Per cosa si vive? Per accumulare beni materiali e denaro,
pur consapevoli che ciò genera l’ansia di conservare e di trattenere? Per
sfoggiare la nostra vanità, a costo di affrontarne la faccia oscura, la
frustrazione? Oppure, per altri
innumerevoli futili scopi?
No, l’ambizione deve essere invece un’altra, e il traguardo
non può essere che quello di migliorarsi, quello di aspirare a raggiungere un
livello etico superiore. Un traguardo ideale che ci permetta di affermare, una volta giunti sul ciglio, di non avere sprecato tutto, di non aver vissuto inutilmente.
Si può fare, si deve almeno tentare. Per farlo, bisogna
iniziare. Partendo da un principio qualsiasi, per poi proseguire.

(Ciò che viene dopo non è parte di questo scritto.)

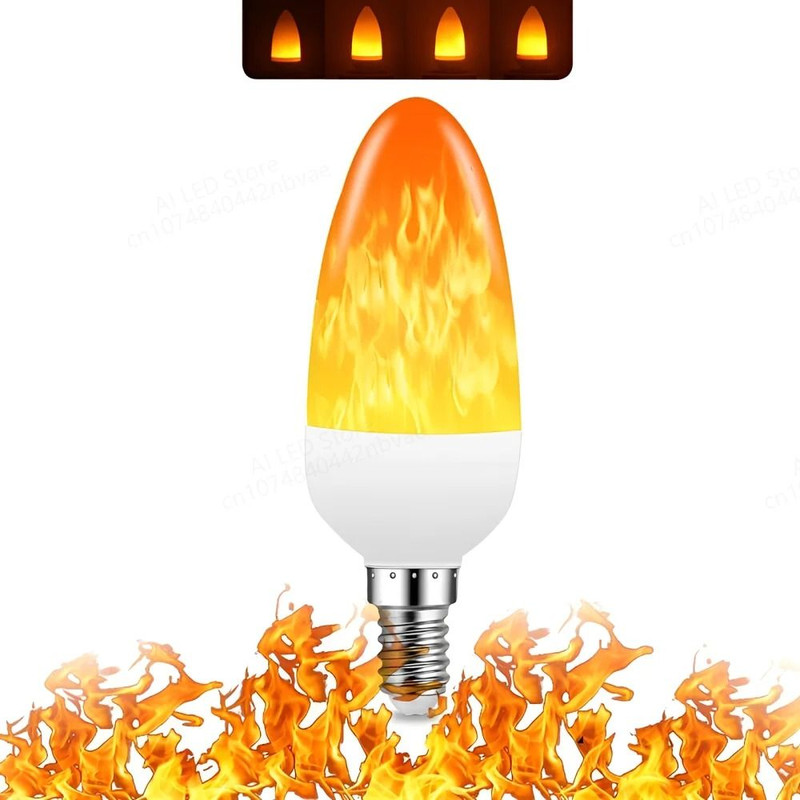 LED Flame Effect Bulb E14 E27 B22 Base Flickering Flame Lamp Light 7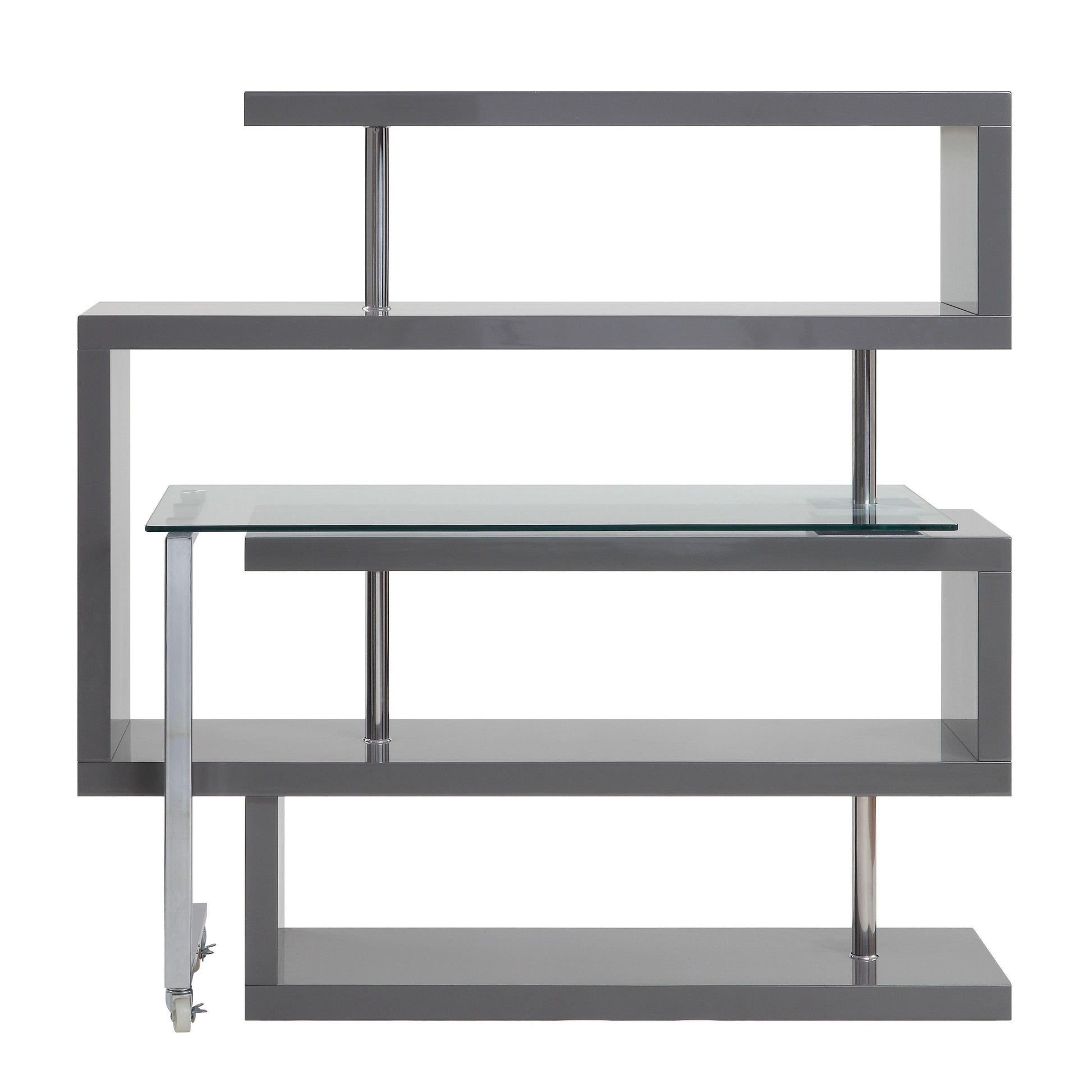 ACME Raceloma Writing Desk w/Shelf, Clear Glass, Chrome & Gray High Gloss Finish FredCo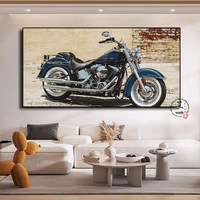 Cetakan Seni Dinding Sepeda Motor Grosir - Poster Kanvas Sepeda Cruiser Biru Vintage untuk Dekorasi Ruang Tamu, Garasi, atau Ruang Pria (Man Cave) Berbingkai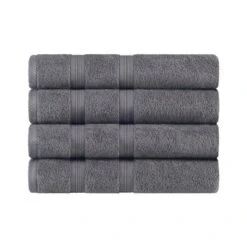 Smart Dry 4 Piece Plush Quick-Drying Highly-Absorbent Solid 100% Cotton Bath Towel Set By Blue Nile Mills -Baxton Studio Store GUEST 5886bdec 6499 4062 ae19 ed83d7616151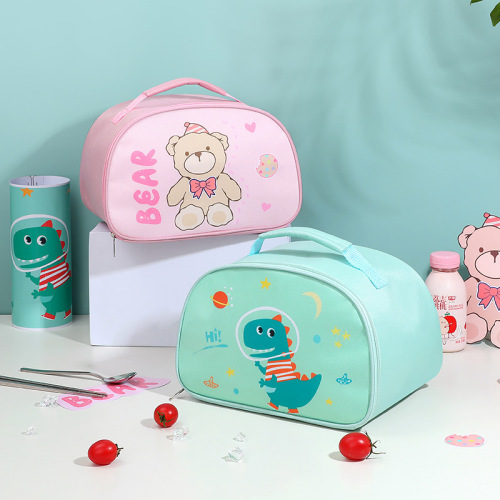 卡通动物图案午餐包大容量出现手提包户外游玩带饭野餐饭盒保温包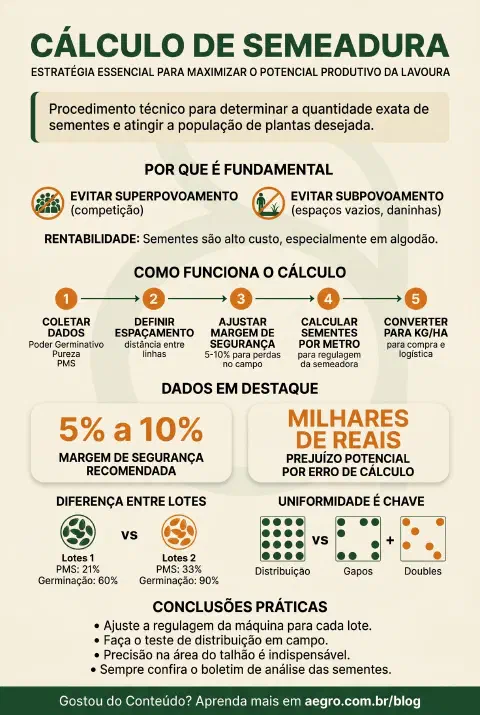 Infográfico educativo sobre Cálculo De Semeadura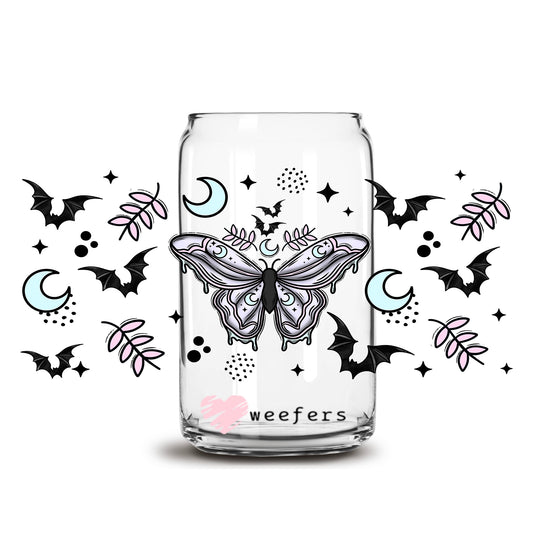 Butterfly and Blue Half Moon 16oz Libbey Glass Can UV DTF or Sublimation Cup Wrap - Decal Transfer - Weefers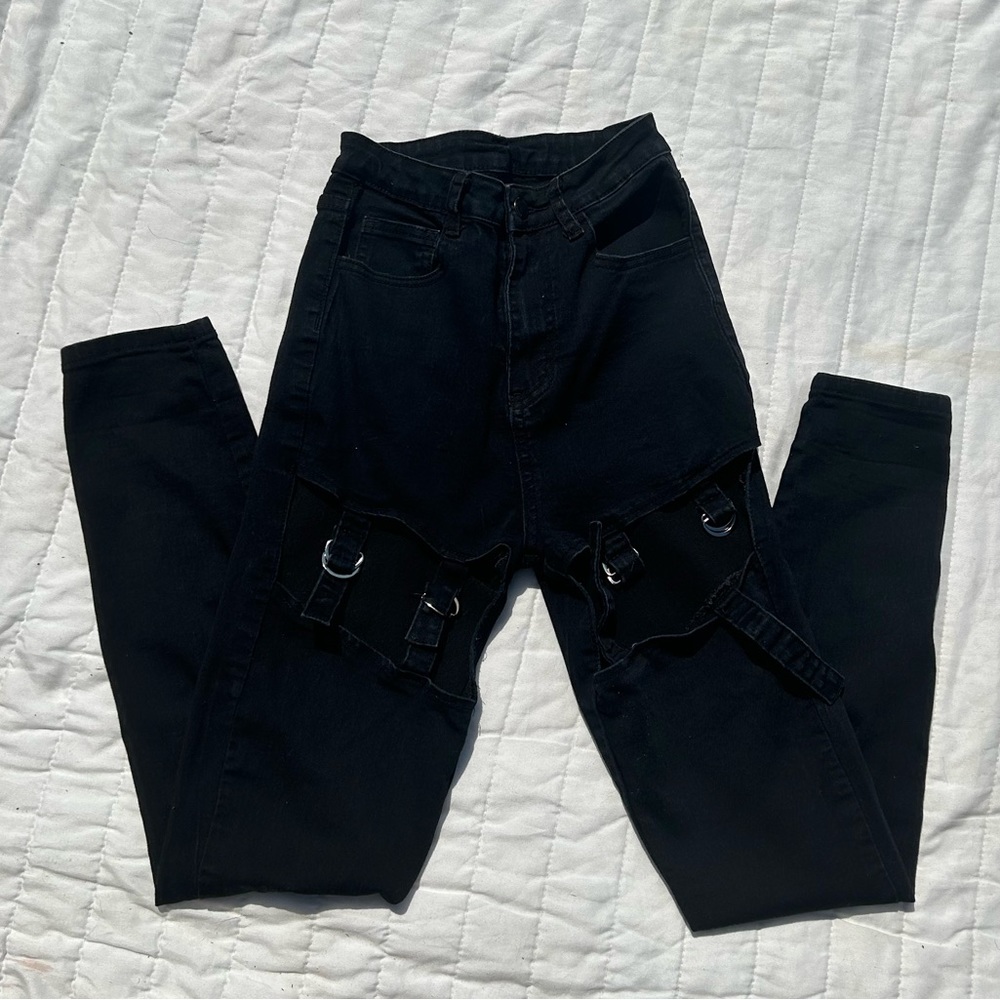 Women’s Cut Out Black Jeans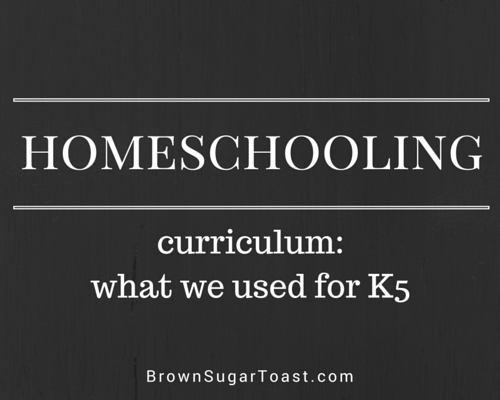 homeschooling: what we used for kindergarten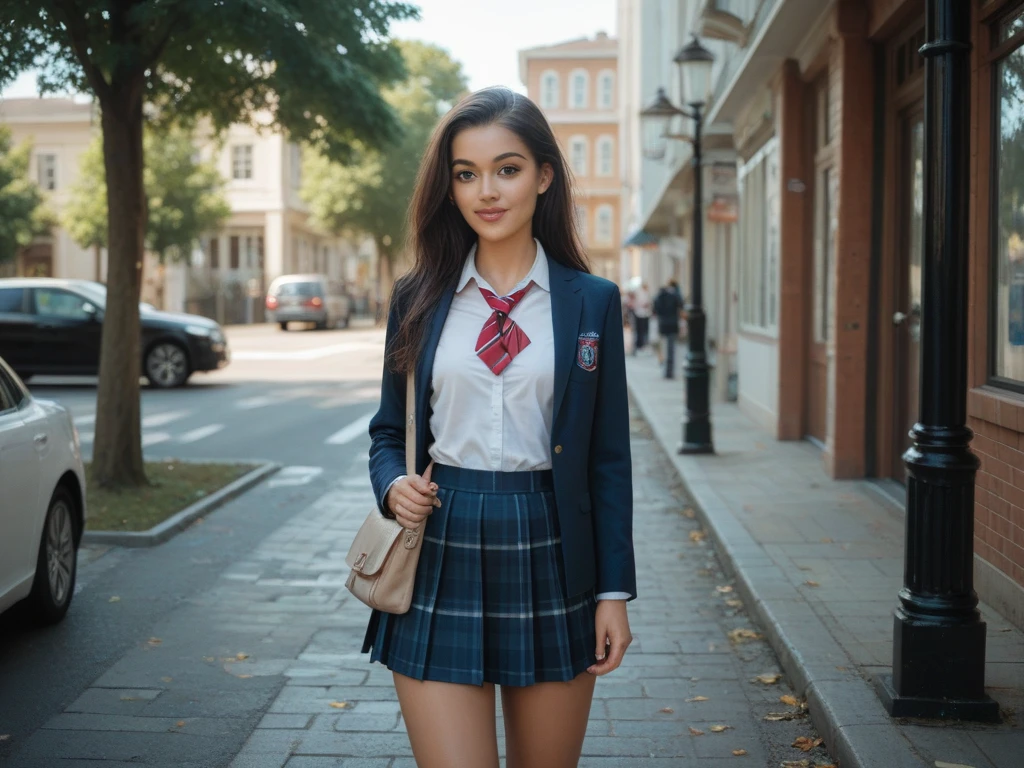 beautiful woman (EP33sh4:.99), 1girl, ;3, absurdres, bag, black bag, black thighhighs, blazer, brown jacket, brown skirt, cowboy shot, hair ribbon, highres, jacket, lamppost, long hair, looking at viewer, miniskirt, plaid, plaid skirt, pleated skirt, red ribbon, ribbon, school bag, school uniform, skirt, solo, sunset, thighhighs, twintails, waving,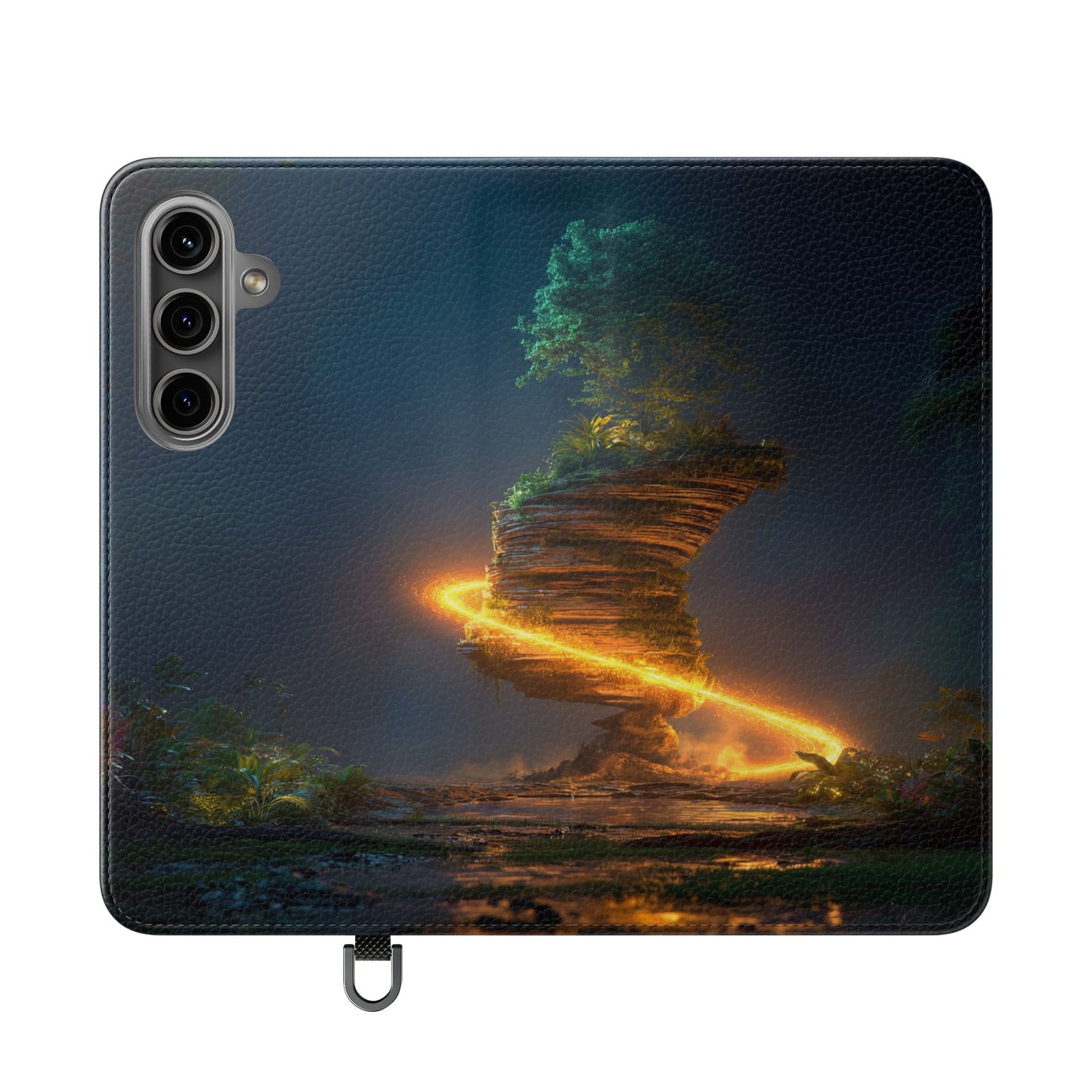 Luminous Floating Island Flip Cases – Amber Twilight Sanctuary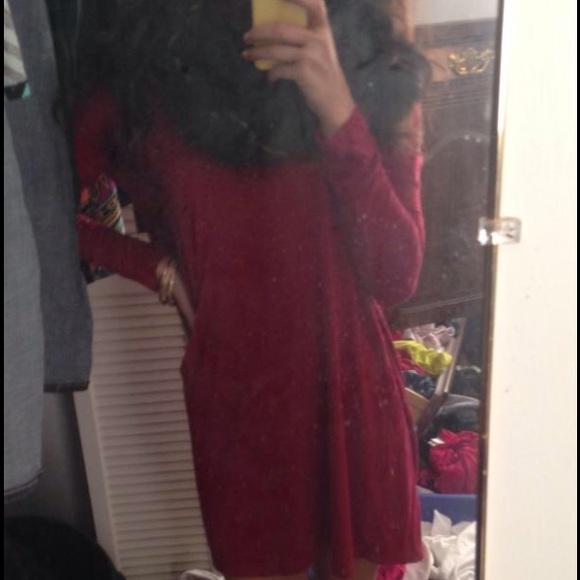 Red long sleeve t shirt dress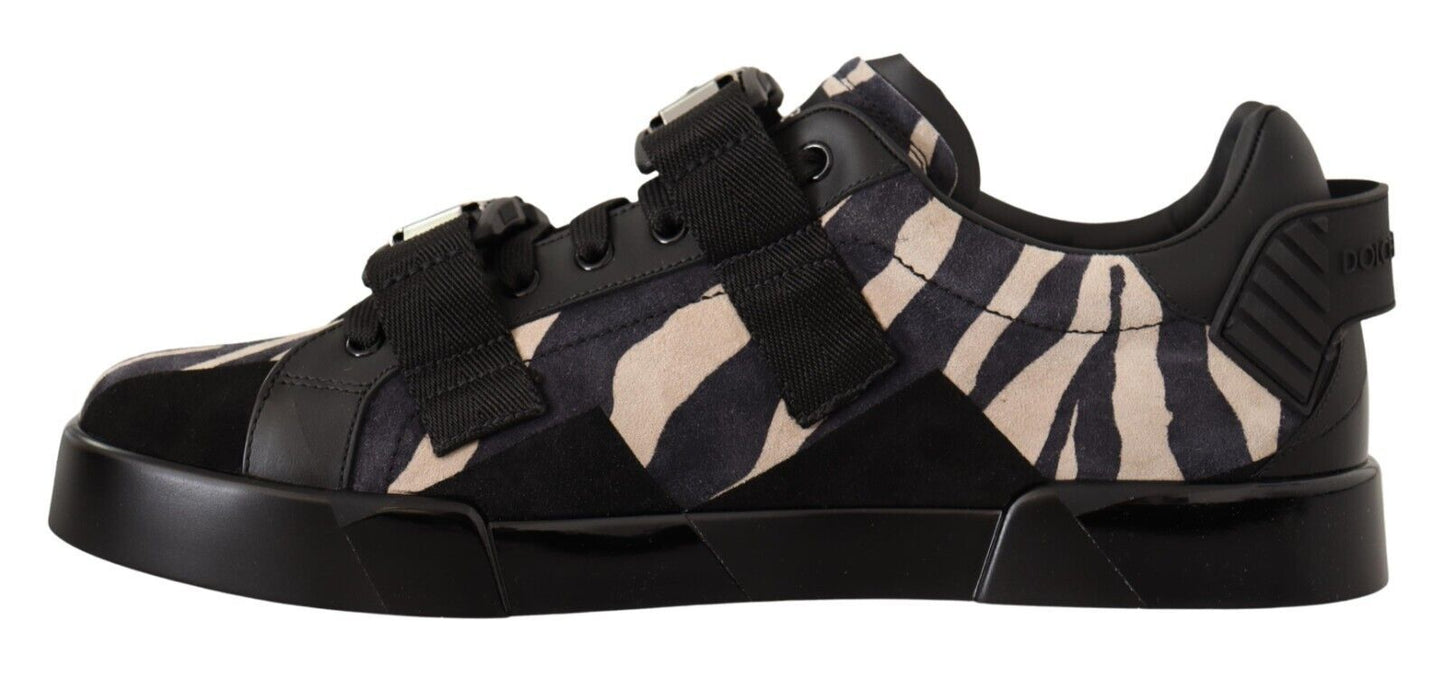 Dolce &amp; Gabbana Zebra-Wildleder-Low-Top-Modesneaker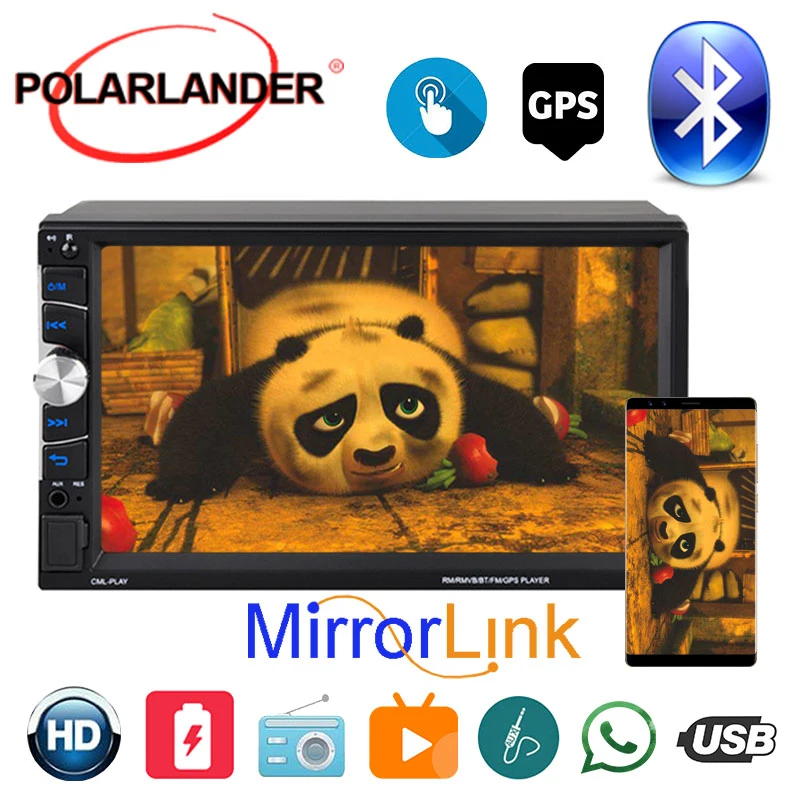 

Car Radio 2 Din 7 Inch Touch Screen MP5 Player Video Autoradio For Apple Android Mirror Link Bluetooth HD With GPS Carplay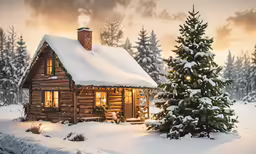 a house surrounded by snow and christmas trees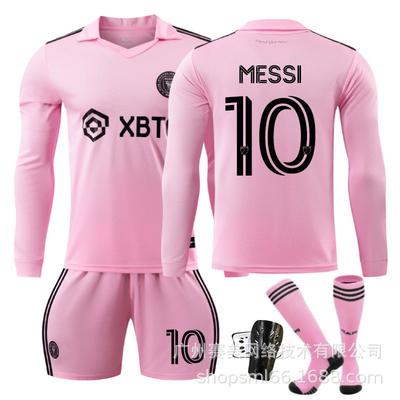 2324 Miami International Home Pink  No. 10 Set Football Wear Long-sleeved Jersey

Io ho cominciato dalla verità.
Non è per niente semplice essere sinceri. Esserlo sempre. La
menzogna è nell’aria, in attesa di insinuarsi dentro noi, di impadronirsi dei
nostri pensieri e dei nostri comportamenti. Trasformando in falsità tutti gli
atti dell’esistenza, costringendoci nostro malgrado a una vita di finzione e di
inganno.
La verità, in realtà, non migliora la qualità della nostra
vita. La menzogna può sostituirla in maniera egregia, a volte addirittura può
rendere l’esistenza più piacevole, ne può smussare le asperità. La verità,
tuttavia, migliora la vita degli altri, di chi ci circonda, di chi ci ama, di
chi ci frequenta, di chiunque abbia con noi una qualsiasi relazione interpersonale.
Dobbiamo vivere nella verità, e lo dobbiamo fare non per noi stessi, ma per il
nostro prossimo. Che cosa ci può essere di più altruistico? Di più appagante?
In cambio avremo più serenità. O forse no, perché a volte la verità può essere
molto dolorosa, può scatenare drammi, può essere crudele. Sta a noi il renderla più morbida, senza però mai
rinnegarla, sta a noi modellarla sulla sensibilità delle altre persone, ma
sempre senza ometterne la sostanza.
Ho proseguito con il perdono.
È stato sconvolgente scoprire il potere del perdono. È immenso
e indescrivibile.
A differenza della verità, il perdono è attuato e messo in
pratica soltanto per noi stessi. Non per altri, non per chi ne trae beneficio.
No, solo per noi. Naturalmente, il vero perdono implica assoluta sincerità,
estrema convinzione. In presenza di questi elementi il giovamento per chi
concede l’indulgenza è massimo. Subentra uno stato di vera e propria
beatitudine (per niente mistica), diretta conseguenza di una condizione di amorevole
superiorità che si prova sia nei confronti del perdonato che del resto dell’intera
umanità. Presunzione? Alterigia? No, perché tale atto non produce sofferenza
ma, al contrario, unicamente consolazione, e quindi si tratta di un’azione sempre
positiva.
Perché perdonare? A questo punto la risposta è scontata:
perché è bellissimo. Tutti lo dovrebbero fare e a quel punto non riuscirebbero
più a smettere.
E poi, continuando il mio percorso virtuoso, ho scoperto di
possedere una qualità di cui vado orgoglioso, ossia il talento di saper sempre
rispettare le differenti sensibilità, di non ferire mai, né con azioni né con
parole. In ogni caso, mai con l’intenzione di farlo.
La vita, inoltre, deve essere vissuta anche in maniera un po’
scanzonata, impiegando la giusta dose di ironia. Nulla è sacro in assoluto,
tutto può essere dissacrato, nella giusta misura. Tutto tranne una cosa: la
sofferenza umana. Sul dolore non è consentito scherzare. Mai.